Image-text web data

= = =

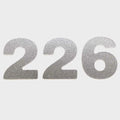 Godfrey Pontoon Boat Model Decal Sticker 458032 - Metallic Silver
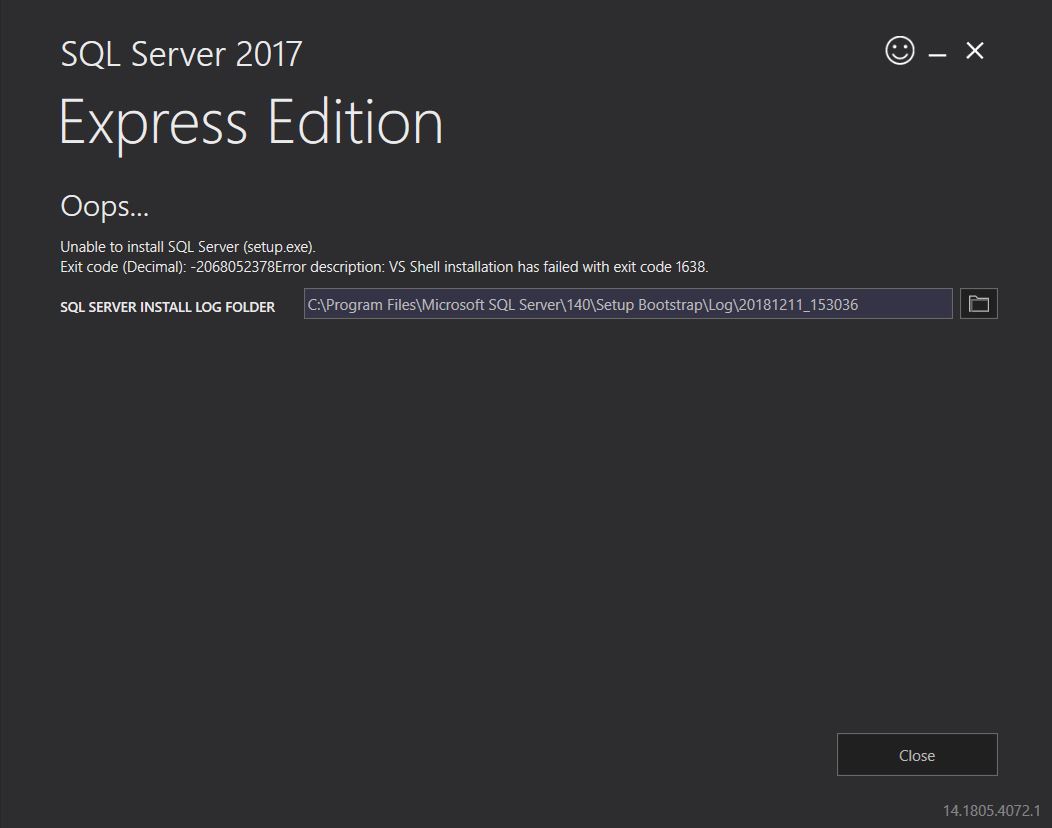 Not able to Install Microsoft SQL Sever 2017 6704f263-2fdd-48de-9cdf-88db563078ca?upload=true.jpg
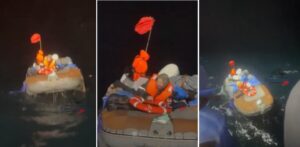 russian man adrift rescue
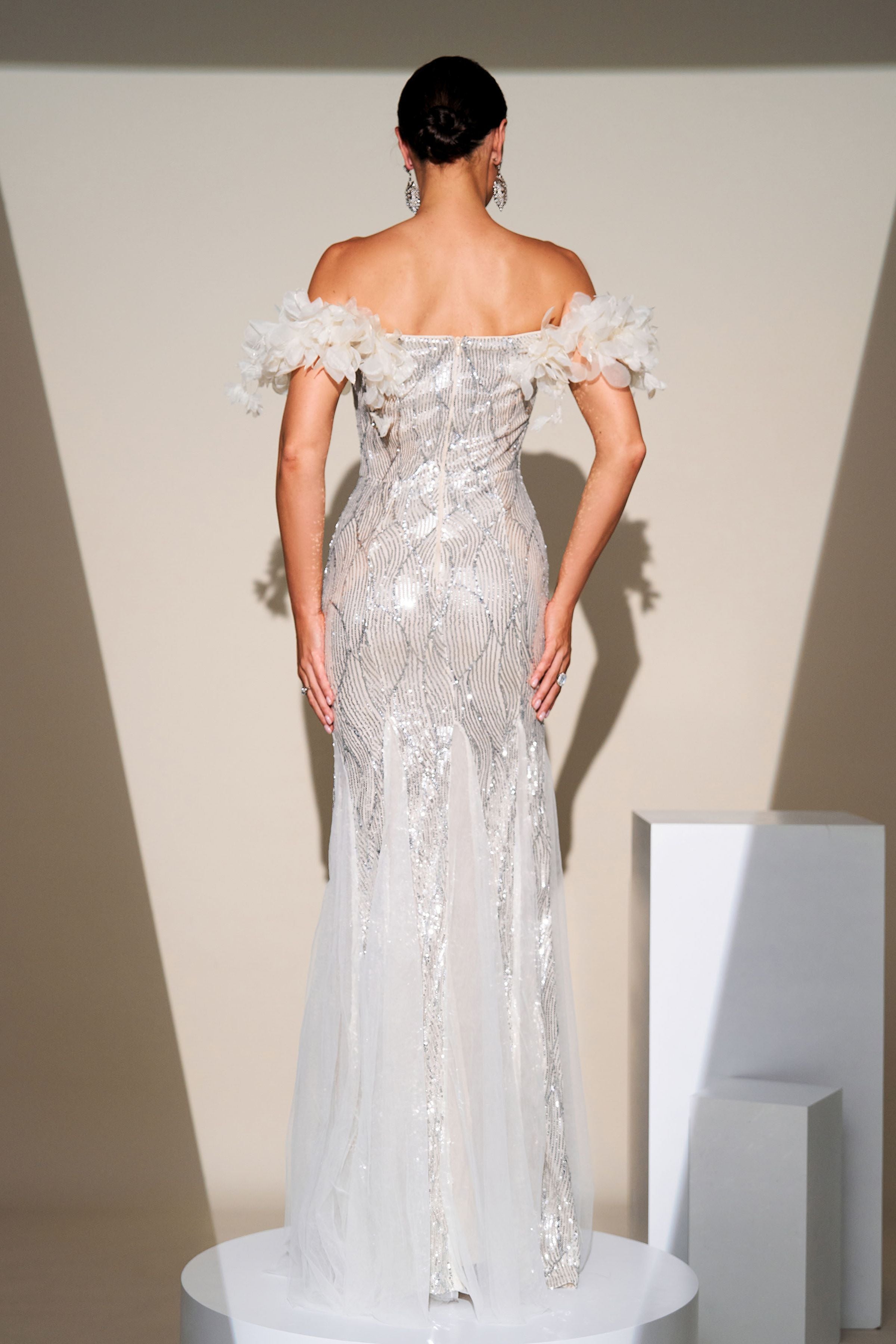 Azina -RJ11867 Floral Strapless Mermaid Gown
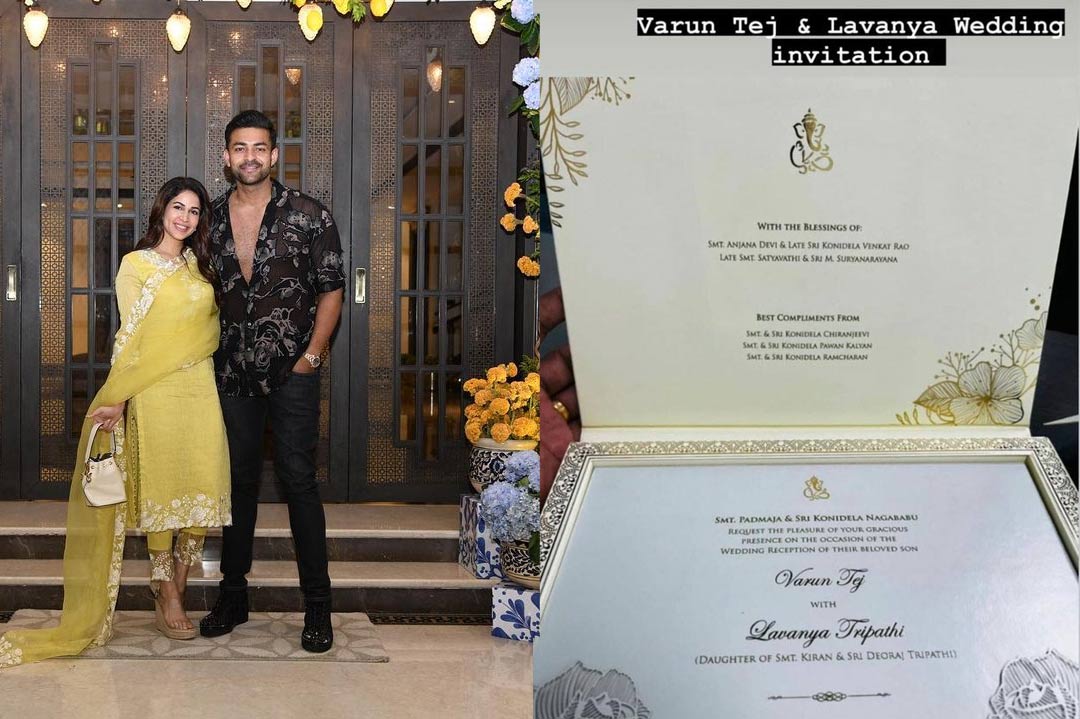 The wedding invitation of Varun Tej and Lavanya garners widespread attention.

= = =

◆ TASK: Leaving out every picture, transcribe exactly the lines from the line that contains "Azina -RJ11867 Floral Strapless Mermaid Gown" through the final line of the entries above.

◆ RESULT:
 Azina -RJ11867 Floral Strapless Mermaid Gown
 The wedding invitation of Varun Tej and Lavanya garners widespread attention.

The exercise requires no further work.